> [TASK OBJECTIVE]: Pictures should not appear in the copy; the records themselves must be written out exactly.

BEGIN ENTRIES SHOWN

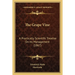 The Grape Vine: A Practically Scientific Treatise On Its Management (1867)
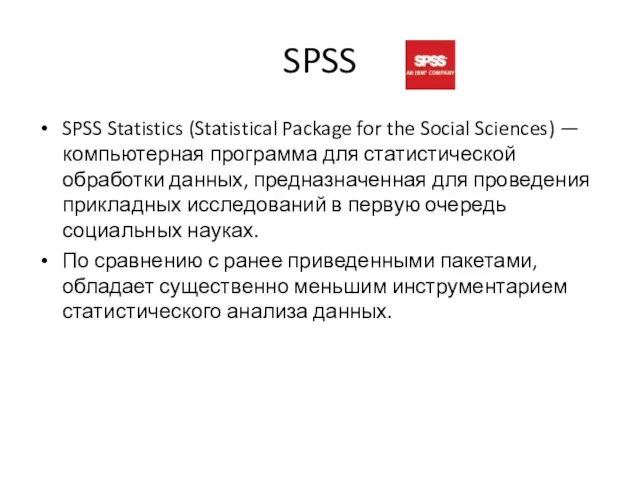 SPSS SPSS Statistics (Statistical Package for the Social Sciences) —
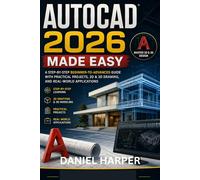 AUTOCAD 2026 MADE EASY: A STEP-BY-STEP BEGINNER-TO-ADVANCED GUIDE WITH PRACTICAL PROJECTS, 2D & 3D DRAWING, AND REAL-WORLD APPLICATIONS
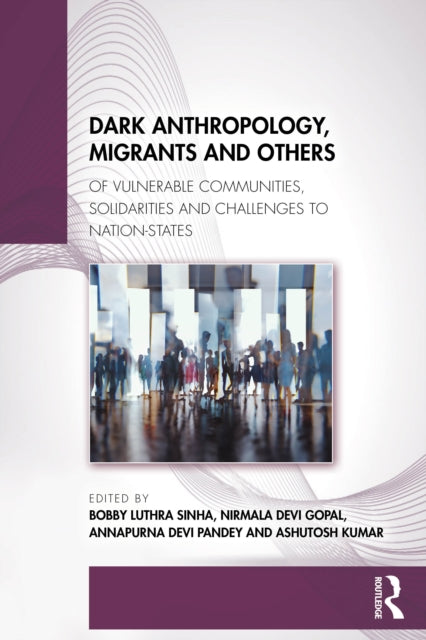 Dark Anthropology Migrants and Others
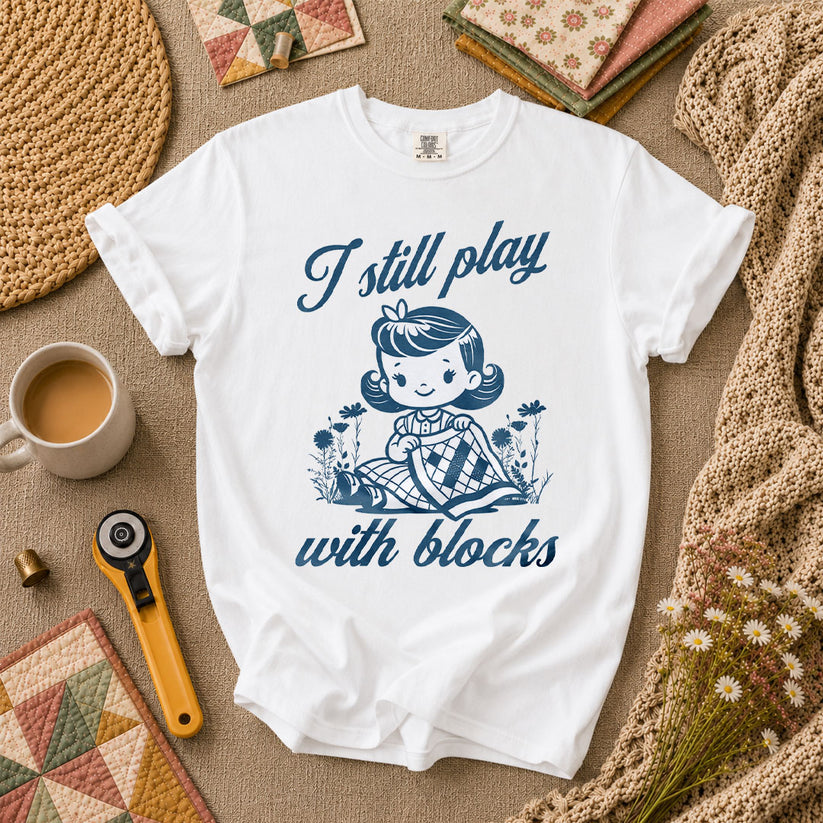 I Still Play With Blocks Vintage Girl Quilter T-Shirt - White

END ENTRIES SHOWN

> [RESULT]:
 The Grape Vine: A Practically Scientific Treatise On Its Management (1867)
 SPSS SPSS Statistics (Statistical Package for the Social Sciences) —
 AUTOCAD 2026 MADE EASY: A STEP-BY-STEP BEGINNER-TO-ADVANCED GUIDE WITH PRACTICAL PROJECTS, 2D & 3D DRAWING, AND REAL-WORLD APPLICATIONS
 Dark Anthropology Migrants and Others
 I Still Play With Blocks Vintage Girl Quilter T-Shirt - White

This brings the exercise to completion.